Sunday, June 29, 2008

Twitter Works

Sitting in the departure lounge for my flight to JFK at Dulles airport outside DC I posted the following to Twitter at about 5:30pm:
JetBlue you scanning Twitter? 3:45 hr delay? This makes about 5 bad experiences. The small diff in price ain't worth it.
Sitting on the plane a while later - still stuck on the tarmac - I checked my email to see the following message with the timestamp of 7:35:
Hi, Robert A Stribley.

JetBlue Airways (JetBlue) is now following your updates on Twitter.

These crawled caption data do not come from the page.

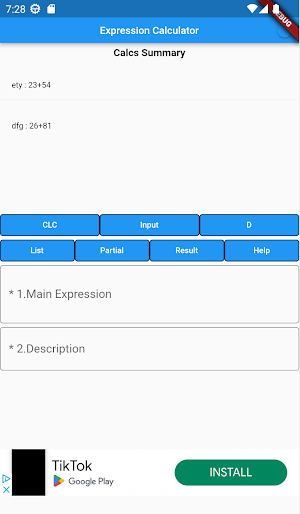 Expression Calculator Screenshot 0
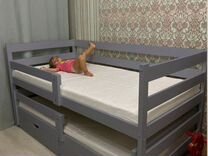 Детская кровать выдвижная (массив березы)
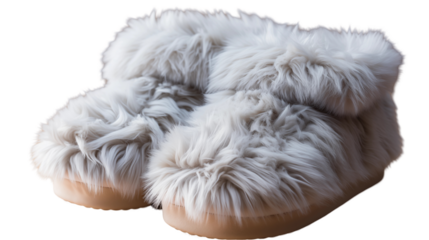 Faux Fur Slippers Warm and Cozy, Plush Home Footwear for Relaxation.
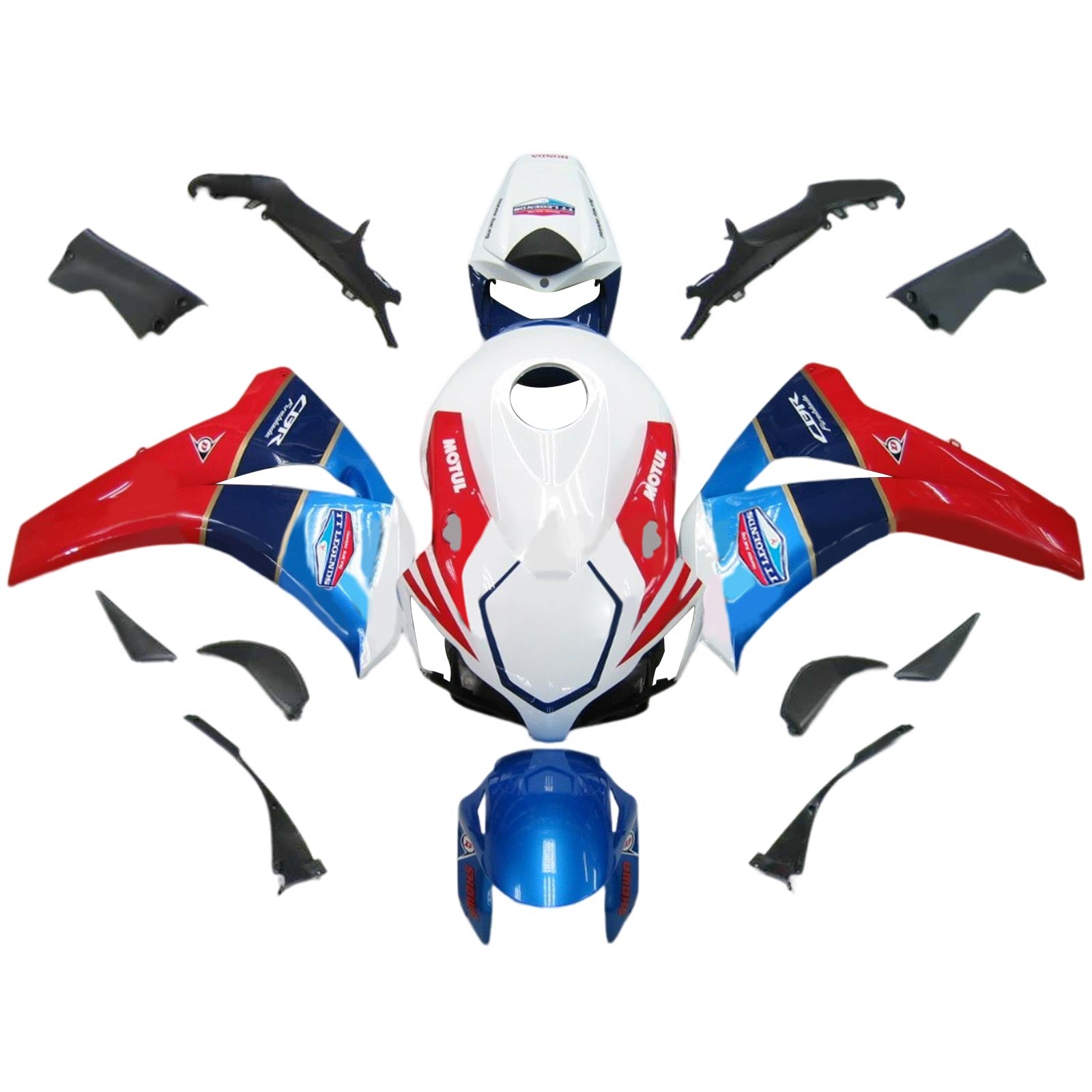 Honda CBR1000RR 2008-2011 Fairing Kit Bodywork Plastic ABS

Check out JetBlue Airways's profile here:

http://twitter.com/JetBlue

You may follow JetBlue Airways as well by clicking on the "follow" button.

Best,
Twitter
Now, I will say that JetBlue put us on the plane about an hour and a half earlier than they'd earlier than they said they were going after they'd discussed the delays. I won't pretend to know that that had anything with my efforts - especially since the plane still ended up taking off at about 8:45, about 3 hours and 45 minutes after it was originally supposed to. But it does indicate at least that JetBlue knew what I was thinking at the time - even before my flight took off. So in that sense, Twitter worked for me.

Update: JetBlue responds to my post here in comments within 45 minutes. I'm impressed with your responsiveness to social media, JetBlue, if not always with your service!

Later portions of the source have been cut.